US psychiatrists have been discouraged from commenting on the mental health of public figures since the so-called Goldwater rule in the 1970s. To the uncredentialed, however, the American president’s hold on reality seems to be erratic. The dwindling universe of respectable Donald Trump apologists attribute his daily flights of fancy to trolling. He is just winding liberals up, they say. That Pavlovian excuse is wearing thin. As Trump readies a US armada for a Middle Eastern war whose aims he cannot articulate, an honest reckoning of geopolitical risks would place his wayward psychology high up.
That Trump often lies is, in itself, not proof of irrationality. That he is encouraged to believe his own lies is more serious. Many of the US president’s foreign counterparts deal with the Trump challenge by trying to stoke his vanity. Nato’s secretary-general, Mark Rutte, depicts Trump as a “Daddy” who is doing the manly things necessary to keep the family safe. Assuming Rutte does not believe his flattery, the aim is to boost Trump’s ego so as to steer his actions. The risk is that such honeyed words only push him deeper into fantasyland. When a leader has an outsized estimate of his own powers, truth-tellers are indispensable. Who are Trump’s truth-tellers?

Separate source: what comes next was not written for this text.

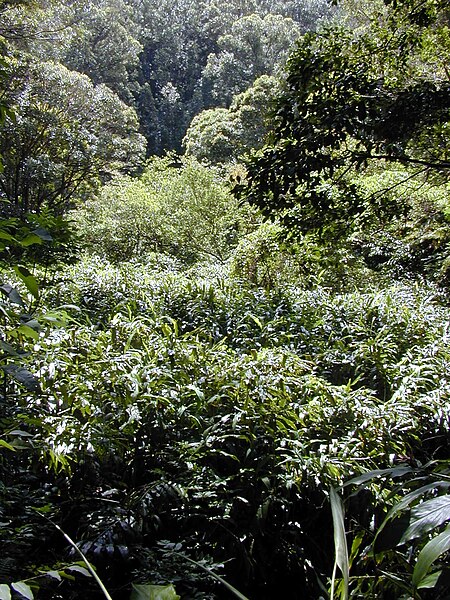 File:Starr 030405-0036 Hedychium sp..jpg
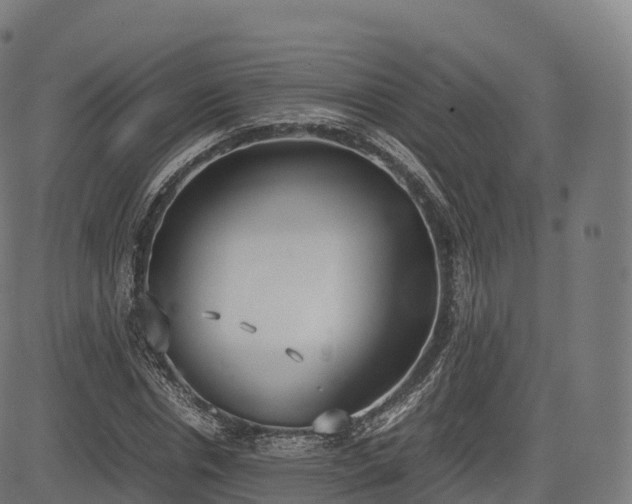 X0000085250826200703091256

With Trump’s cabinet, that question is rhetorical. His top appointees outdo each other in praise for their leader. Trump is the greatest president in US history (Pam Bondi, attorney-general); he has created an American golden age (Howard Lutnick, commerce secretary); he has pulled off the most powerful military raid “I would say in world history” (Pete Hegseth, defence secretary, after the Venezuela operation); and so on. These are one notch below saying that Trump can turn back the waves. A good public servant is supposed to give the commander-in-chief a realistic appraisal of his options. Can America be confident of Hegseth’s advice to Trump on Iran?